With Price Distributions
The price distribution function, which analyzes the distribution of prices over a lookback period, is useful for predicting price mobility. Here's a new method called the mobility oscillator that will allow you to do so. By Mel Widner Ph.D.
When prices remain about the same for a given period, that indicates that, essentially, buying and selling
pressures are in balance. If this persists, then the area of price activity represents an area of congestion. Since traders often place stop orders, take profits and open new positions based on their entry or exit point, it is most likely market participants will make note of this congestion area. The more time the market spends in this area, the greater its significance, and the more recent the congestion is, the greater its significance.

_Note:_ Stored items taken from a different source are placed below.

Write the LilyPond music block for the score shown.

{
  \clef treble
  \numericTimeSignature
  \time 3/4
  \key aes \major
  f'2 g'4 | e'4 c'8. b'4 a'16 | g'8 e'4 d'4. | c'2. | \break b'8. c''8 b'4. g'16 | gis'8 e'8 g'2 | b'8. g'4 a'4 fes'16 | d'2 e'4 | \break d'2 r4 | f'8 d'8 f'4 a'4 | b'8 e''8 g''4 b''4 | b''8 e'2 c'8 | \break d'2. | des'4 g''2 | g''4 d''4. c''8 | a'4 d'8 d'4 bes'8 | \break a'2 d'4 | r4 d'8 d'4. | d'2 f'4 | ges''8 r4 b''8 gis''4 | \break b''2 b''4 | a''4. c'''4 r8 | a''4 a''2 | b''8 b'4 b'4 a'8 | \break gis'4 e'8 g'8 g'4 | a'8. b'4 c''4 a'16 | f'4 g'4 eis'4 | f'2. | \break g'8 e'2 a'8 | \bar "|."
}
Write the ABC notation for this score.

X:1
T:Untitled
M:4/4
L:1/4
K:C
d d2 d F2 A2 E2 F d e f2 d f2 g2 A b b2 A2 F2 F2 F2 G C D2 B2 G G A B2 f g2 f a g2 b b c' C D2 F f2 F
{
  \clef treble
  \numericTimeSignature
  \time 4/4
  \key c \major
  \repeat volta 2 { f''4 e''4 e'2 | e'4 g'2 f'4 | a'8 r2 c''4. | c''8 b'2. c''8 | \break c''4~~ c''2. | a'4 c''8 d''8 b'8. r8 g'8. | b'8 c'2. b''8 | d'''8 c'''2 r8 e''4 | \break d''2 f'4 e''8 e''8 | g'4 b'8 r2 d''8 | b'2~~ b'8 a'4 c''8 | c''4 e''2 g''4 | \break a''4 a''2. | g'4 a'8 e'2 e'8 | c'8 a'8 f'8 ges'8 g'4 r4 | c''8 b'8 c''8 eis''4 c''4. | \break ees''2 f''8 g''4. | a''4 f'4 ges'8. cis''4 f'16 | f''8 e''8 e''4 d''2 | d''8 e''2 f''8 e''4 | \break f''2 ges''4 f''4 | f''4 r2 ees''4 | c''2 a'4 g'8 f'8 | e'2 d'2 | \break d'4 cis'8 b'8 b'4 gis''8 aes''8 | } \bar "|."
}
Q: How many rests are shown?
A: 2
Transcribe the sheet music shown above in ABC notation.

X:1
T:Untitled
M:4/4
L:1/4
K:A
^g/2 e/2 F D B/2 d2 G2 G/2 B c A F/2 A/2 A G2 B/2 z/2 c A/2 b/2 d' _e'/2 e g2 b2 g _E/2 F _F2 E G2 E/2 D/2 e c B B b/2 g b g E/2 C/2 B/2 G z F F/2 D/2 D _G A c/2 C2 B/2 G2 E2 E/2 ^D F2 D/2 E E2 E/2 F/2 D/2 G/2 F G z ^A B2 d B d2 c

Basically, all price histories have ranges where the price spends more time than in others, and so there is always some degree of congestion. For some data histories, there can be regions of large and small congestion and multiple regions of congestion. These regions of congestion can be measured by determining how prices are distributed. In fact, it is possible to construct a price distribution function (PDF) to identify areas of congestion for analysis.
A PDF can be developed from a recent history of prices by computing the frequency of occurrence of a price for each
price within the price range. Large values of the distribution correspond to areas where the price history spend a long
time and small values to areas where the price history spend a short time. The PDF is determined over the range from
the minimum low to the maximum high for the period and may contain one or more peaks within the range.
So what does this mean? If the current price has moved from a region where the distribution function is small to a
region where it is large, then it might be expected that the move started with a small number of traders and is moving
to a region where there are a larger number of traders waiting to enter. It is possible the move will be stopped by the
reaction of the larger number of traders or be absorbed by increased market activity. Conversely, if the move is from
large to small, then it is plausible that there is less reaction and less activity and the move will go further. The
hypothesis to be examined is that it is easier for prices to move in regions where the PDF is smaller (high mobility)
and more difficult in regions where the PDF is larger (low mobility).
If the price move is significant, then the situation is different and other factors must be considered. There can be
reversals corresponding to profit taking or entry of new traders. Such reversals result in peaks or troughs that are the
basis for well-established support and resistance analysis. These peaks and troughs are implicitly included in the
PDF analysis, since the PDF is bounded by the maximum high and minimum low for the period. It is possible to
construct a mobility oscillator (MO) that captures reversals often occurring at the price extremes as well as reflections
that occur from the mode of the PDF.